Children Being Over-Praised: Warning over Narcissistic Pupils


The growing expectation placed on schools and parents to boost pupils' self-esteem is breeding a generation of narcissists, an expert has warned.

Dr Carol Craig said children were being over-praised and were developing an "all about me" mentality.

She said teachers increasingly faced complaints from parents if their child failed a spelling test or did not get a good part in the school pantomime.

Schools needed to reclaim their role as educators, not psychologists, she said.

Dr Craig, who is chief executive of the centre for confidence and well-being in Scotland, was speaking at the Association of School and College Leaders conference in Birmingham.

She told head teachers the self-esteem agenda, imported from the United States, was a "a big fashionable idea" that had gone too far.

She said an obsession with boosting children's self-esteem was encouraging a narcissistic generation who focused on themselves and felt "entitled".

"Narcissists make terrible relationship partners, parents and employees. It's not a positive characteristic. We are in danger of encouraging this," she said.

"And we are kidding ourselves if we think that we aren't going to undermine learning if we restrict criticism.

"Parents no longer want to hear if their children have done anything wrong. This is the downside of the self-esteem agenda.

"I'm not saying it's of no value… but you get unintentional consequences."

Since 2007, there has been a statutory responsibility on schools in England to improve pupils' well-being and primary and secondary schools are increasingly teaching social and emotional skills.

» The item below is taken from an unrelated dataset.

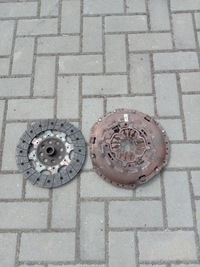 фото thumb №1, Opel astra j iv 1.3 dci сцепление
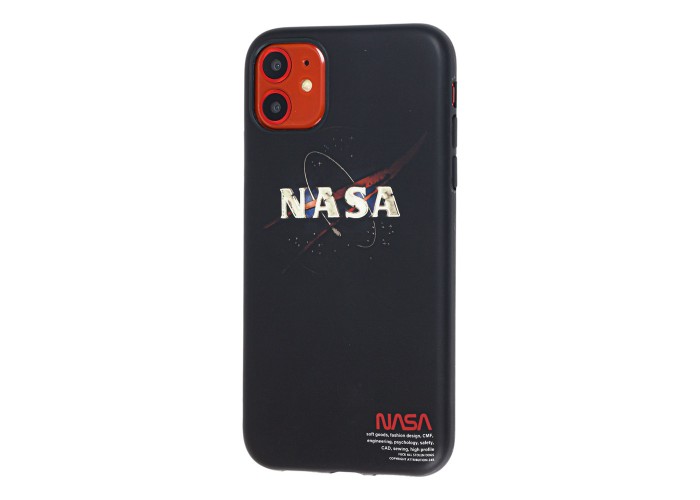 Чехол для iPhone 11 IMD Yang style Nasa черный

Indeed it is possible that Ofsted inspectors will soon appraise schools' performance in this area; and well-being could be one of the measures used in the school report card system that the government wants to introduce.

But Dr Craig told head teachers that this was not the role of schools.

"Schools have to hold out that they are educational establishments," she said.

"They are not surrogate psychologists or mental health professionals."

Learning about feelings from a professional in a classroom did not send out a positive message, she added.

And she warned there was a danger the more schools taught emotional well-being, the less parents would take responsibility.

"We run the risk of undermining the family as the principal agent of sociability," she said.